11-5-2017 Remember a Moment in Time

FROM THE PASTOR

November 5, 2017

Where were you 10 years ago today? What was happening on this very day and at this very moment in your life? Do you remember? If you’re like the majority of us… with very few exceptions, you have no idea. Life is just too fleeting to lock every event in a specific moment in time over an entire lifetime.

 

Still, even though that moment in time may not be locked in, we often retain both specific and general recollections of certain events. God has designed us to remember for both our benefit and our edification to His glory. And it’s that very design that makes it difficult to completely forget. In fact, one article I read stated the following when comparing the brain to a computer’s storage capacity…

 

Estimates of the human brain’s memory capacity vary wildly from 1 to 1,000 terabytes (for comparison, the 19 million volumes in the US Library of Congress represents about 10 terabytes of data).

 

If true, that means, if your brain is on the high side, you can store the equivalent of 100 complete library of congresses in it.

 

Still, even with that phenomenal storage capacity I find it amazing, given all the events in our lives that dominate our every moment, how few moments really impact us to the point that they become locked into a moment in time within our memories. Perhaps that has to do with God’s purpose for memory… to guide us and not to consume or dominate us.
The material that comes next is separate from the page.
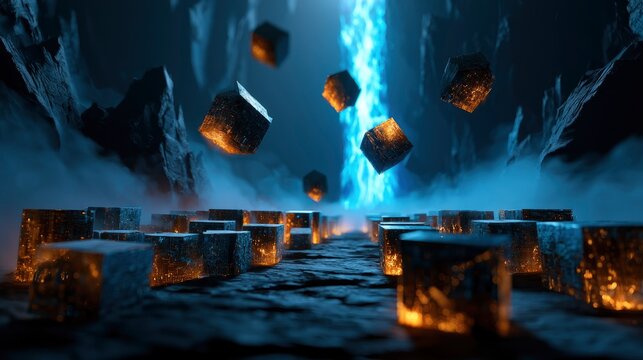 Floating cubes hovering in a dark cavern with blue energy beam and sharp macro focus for sci-fi gaming backgrounds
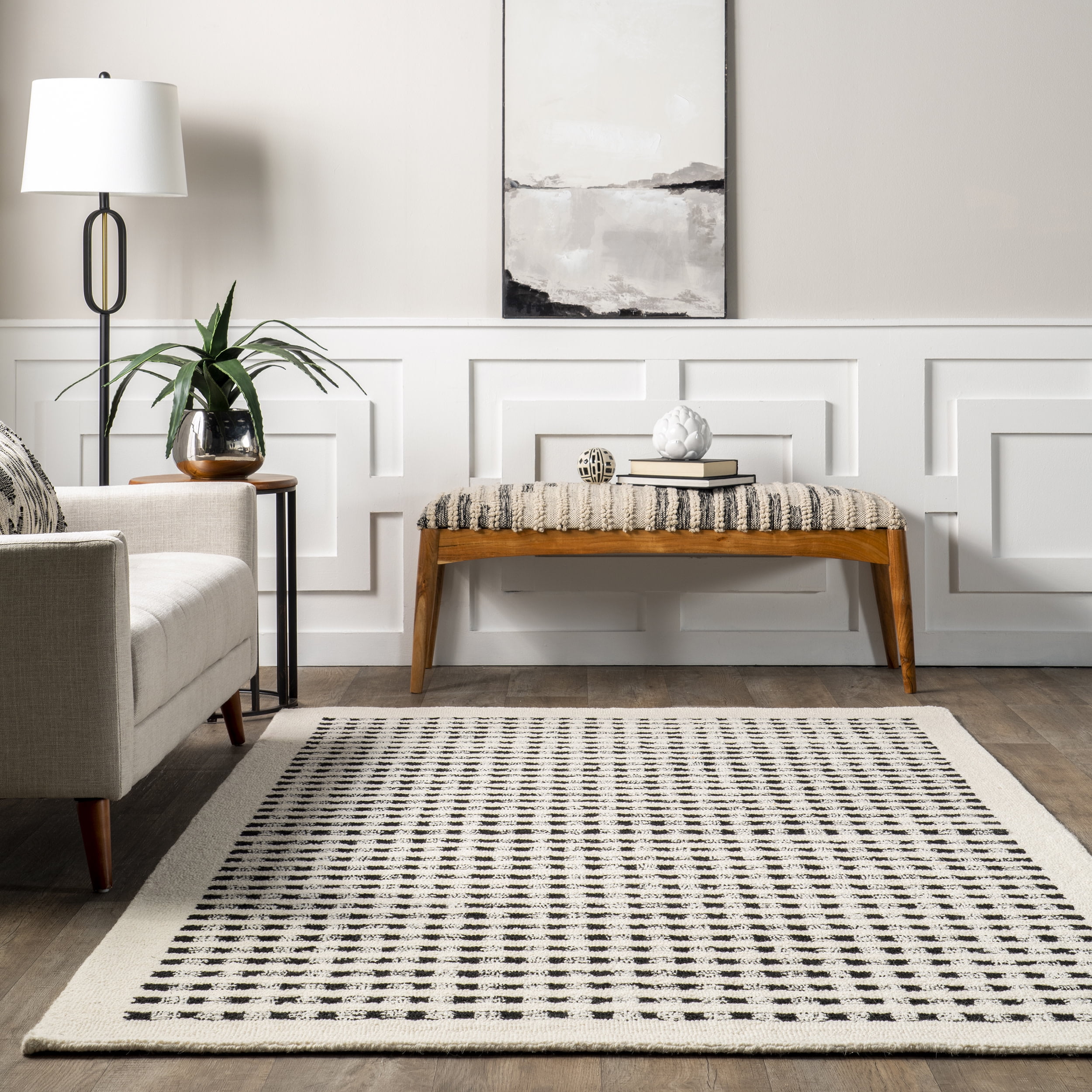 nuLOOM Adahlia Checkered Wool Area Rug, 7' 6" x 9' 6", Ivory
In fact, I am confident that God even reveals Himself in our ability to remember.

 

Stop and think about it. All the sleep we lost, all time invested in worry, all the mental gymnastics performed trying to solve that ‘issue of the moment’ has now disappeared like vapor on the wind. Never to be recovered. Given that, I believe we all need to ask… “Was that time well spent”, or was it time we would like to reclaim? You see, every moment spent is an investment. The question therefore becomes, “Am I investing my time wisely and are those investments eternally worthy?”

 

I find the Book of Ecclesiastes extremely beneficial concerning this matter. Ecclesiastes is the third book of three credited to Solomon. The first is Song of Solomon and is said to have been written in his youth. The Second is the Proverbs and is credited to his mid-years. But the Book of Ecclesiastes is said to be from his old age as he reflects back on where he has been. The entire book addresses the vanity of always investing in things that have little to no eternal significance… unless God’s glory and honor is the goal. As Solomon ends Ecclesiastes, he summarizes everything he has written by proclaiming…

 

Ecclesiastes 12:6-8 (NASB)
6 Remember Him before the silver cord is broken and the golden bowl is crushed, the pitcher by the well is shattered and the wheel at the cistern is crushed;
7 then the dust will return to the earth as it was, and the spirit will return to God who gave it.
8 "Vanity of vanities," says the Preacher, "all is vanity!"

 

These verses make direct reference concerning our responsibility to make our time the Lord’s time while we still have time. Sixteen times in Ecclesiastics Solomon exclaims, “All is vanity” or “This is vanity too”. One could borrow the often-used phrase, “Let’s make the main thing the main thing”, before He calls us home.

 

We may not remember the exact moment in time of a certain event… but God will. One day we will stand before Him as He presents our works. May we never be in the position Solomon describes…

 

Ecclesiastes 2:11 (NASB)
11 Thus I considered all my activities which my hands had done and the labor which I had exerted, and behold all was vanity and striving after wind and there was no profit under the sun.

 

May God be glorified as we invest in His Honor and Glory!!